Chambers and trade associations can play an important role in this regard. The authorities will need to work out a methodology whereby many of these units can be taken on board.
In the SANEM webinar, speakers said that besides poor disbursement of funds, the economy is fraught with sluggish demand in the domestic market and low private investment. Alongside these, they mentioned existing challenges of inequality, new poverty, lack of employment generation and institutional weaknesses as some other barriers to the country's economic recovery.
The speakers also suggested taking immediate actions to formalise informal sectors that account for more than 80 per cent of overall employment. It is here that the SME Foundation can play an important role. A majority of the members enlisted with the Foundation are small enterprises, still there is a need to bring more micro enterprises under its fold to be able to clearly identify their needs and suggest how the government can support them. The non-government organisations (NGOs) who are believed to be better placed in reaching out to the poor and the marginalised, especially in rural areas, should also be considered key partners in suggesting measures to help them.

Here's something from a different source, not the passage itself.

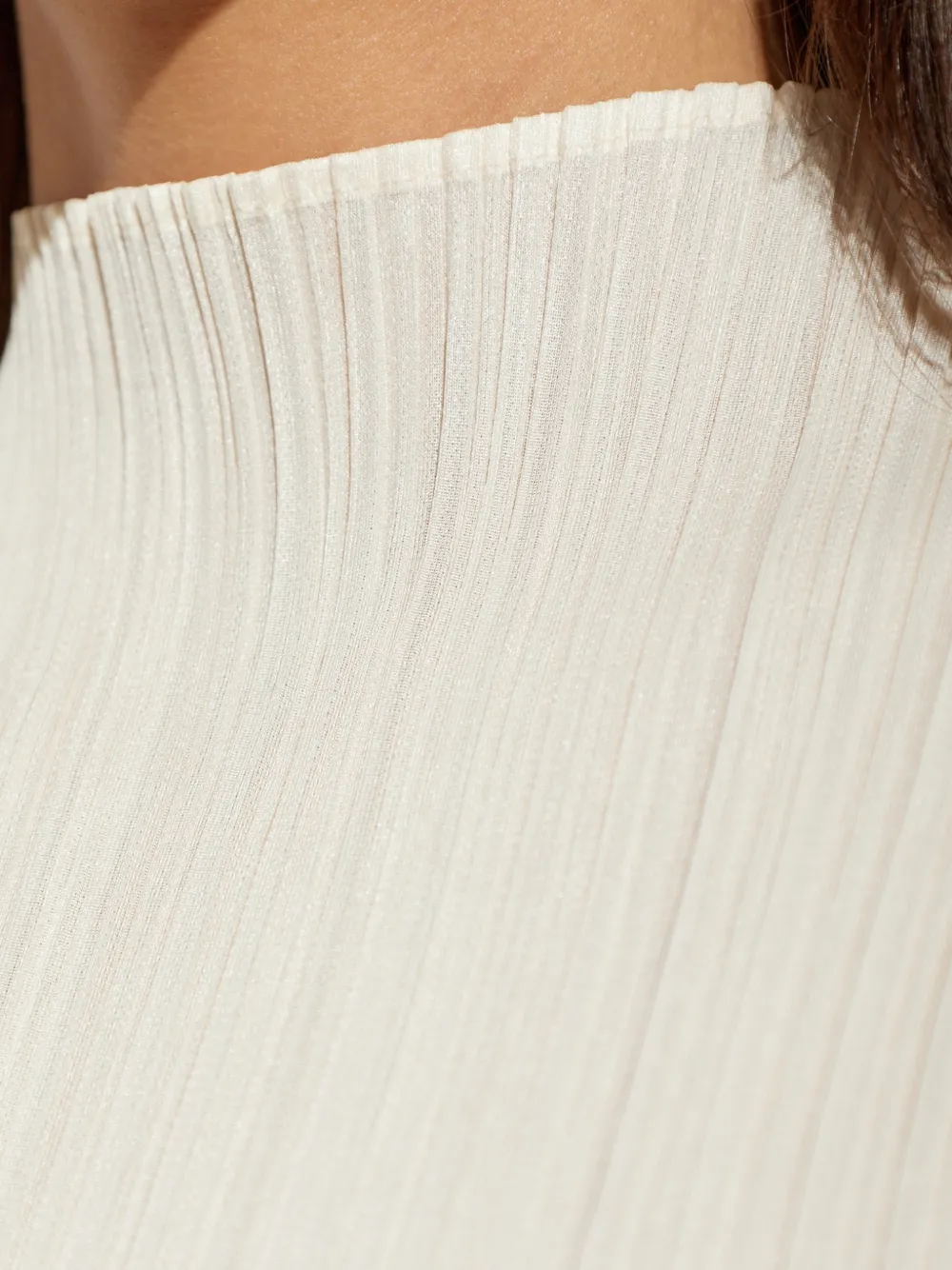 Pleats Please Issey Miyake Geplooide top Beige
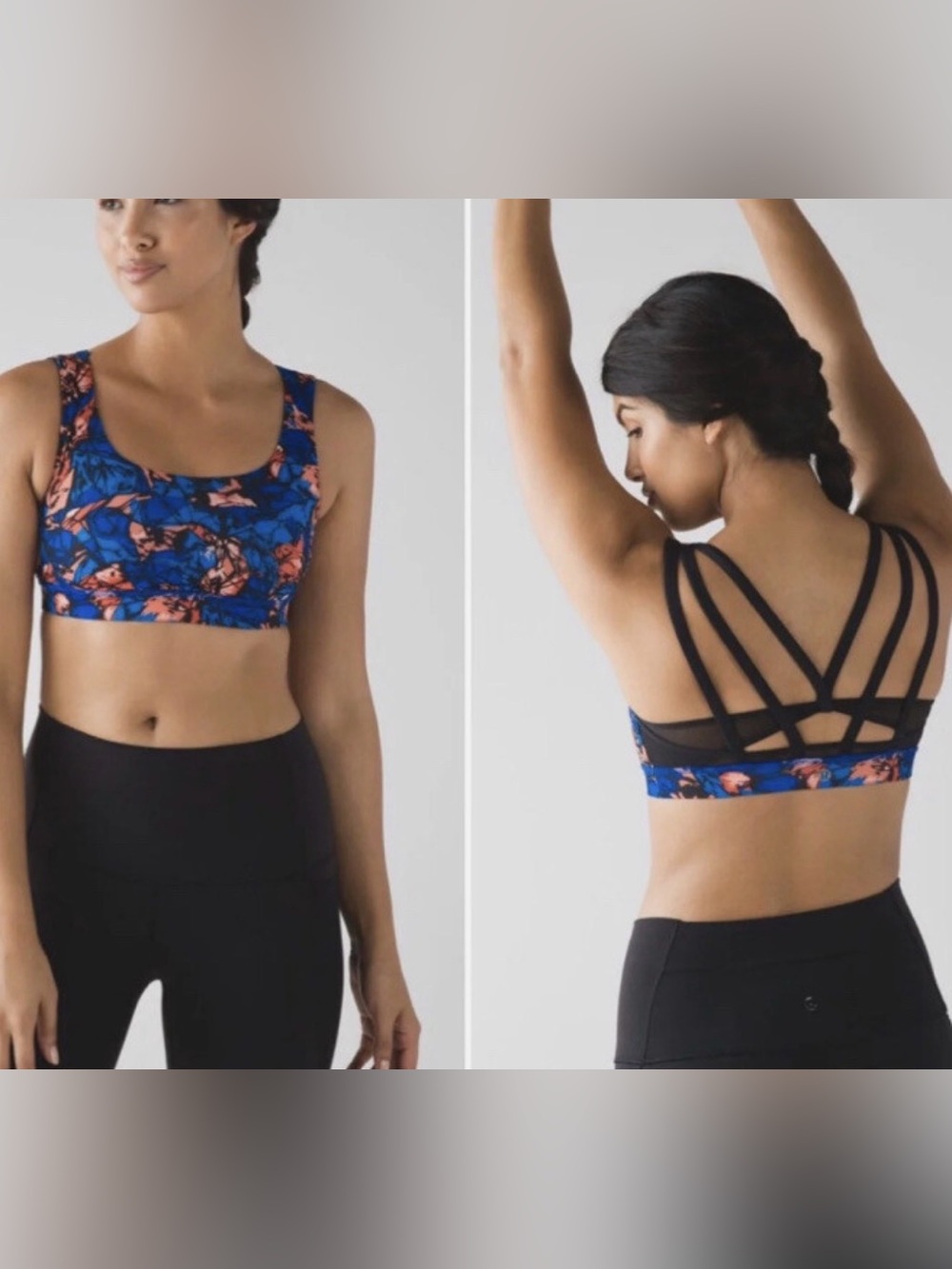 Lululemon Energy Bra Size 10 Mini Paint Storm Harbor Blue Multi Floral Print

It is rather early to say that the economy has taken the much desired rebound. Job loss and reduced income are the key concerns where there is no noticeable improvement. On the other hand, price spiral of essentials has added serious discomfort to not only the poor and low-income groups but also to most others except the well-off. Over and above, the possible threat of a next wave of the pandemic in the coming winter is no doubt worrying. The government will have to take all these into consideration while planning short- and mid-term strategies to help the economy bounce back.